Thursday, July 02, 2009

St. Pancras and the Poet

I don't think I'd ever heard the name St. Pancras outside the context of the London railway station. And hearing it would always make me think of the pancreas. St. Pancreas. And damn it, pancreas would always make me think of that icky scene in Love Story where Ryan O'Neal says, "I'm a liver," and Ali McGraw replies, "I'm a pancreas." So I always hated to think of St. Pancras Station because it reminded me of icky Ali McGraw in Love Story. And there I was in London and I still didn't know who the hell St. Pancras was, and why he had a railway station named for him. Could he have been from the Islets of Langerhans, the patron saint of diabetics?

I found myself at St. Pancreas Station, thinking about Ali McGraw and insulin, because I was going to visit the British Library, right by the station. I stopped off at the station to take a look at the statue of John Betjeman, one-time British poet laureate. I don't know his poetry at all, but he's memorialized at the station because he was instrumental in preventing its demolition in the 1960s. It's quite a charming statue.

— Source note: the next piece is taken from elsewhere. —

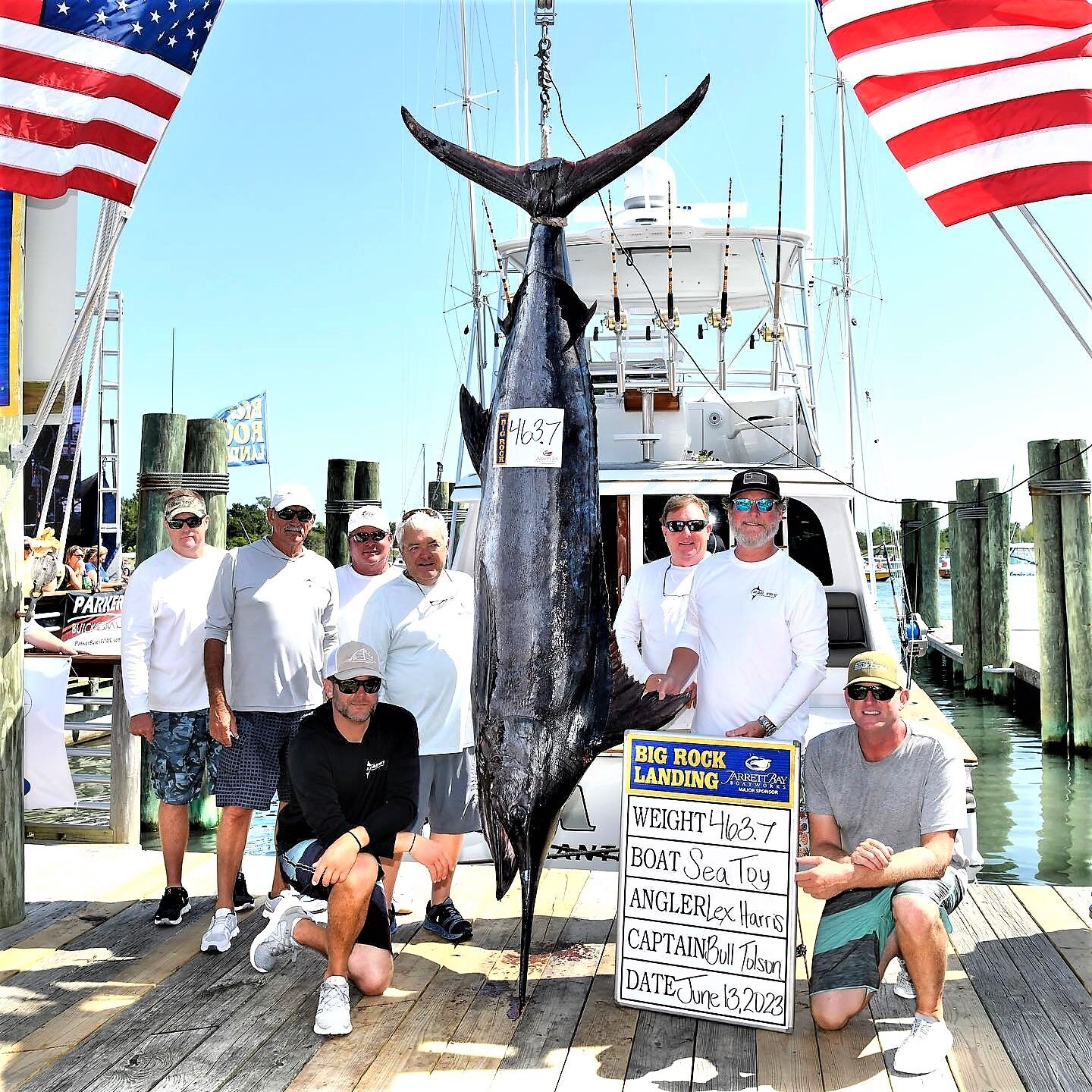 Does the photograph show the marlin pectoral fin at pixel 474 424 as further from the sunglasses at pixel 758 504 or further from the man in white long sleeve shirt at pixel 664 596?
the man in white long sleeve shirt at pixel 664 596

I hadn't been to the British Library since they moved to the St. Pancras area in the late '90s. I went to take a look at the exhibit of treasures of the library's collection, which includes some truly awe-inspiring items. I'd seen many of these items before, at the old library near the British Museum, but the new addition to the collection that had especial relevance to me was a simple typed manuscript page, with written emendations, the opening of Pinter's The Homecoming, one of my favorite plays by one of my most revered literary forebears. The library had acquired the author's papers after his death. Pinter brilliantly peopled the territory that lay between the kitchen sink of Osborne and Wesker and the abyss of Beckett. "What have you done with the scissors?"

But I needed to put a real saint to the Pancras name. I couldn't keep thinking of the pancreas and Ali McGraw, no, that just wouldn't do, so when I got back to New York I googled our saint. It turns out he was just a kid. Beheaded at age 14, in Rome, during the reign of Diocletian. An obscure saint who, for some reason, is venerated by the English. If not for the London railway station and the aid of poet John Betjeman, he'd probably be completely forgotten by now, just another beheaded 14-year-old Roman boy.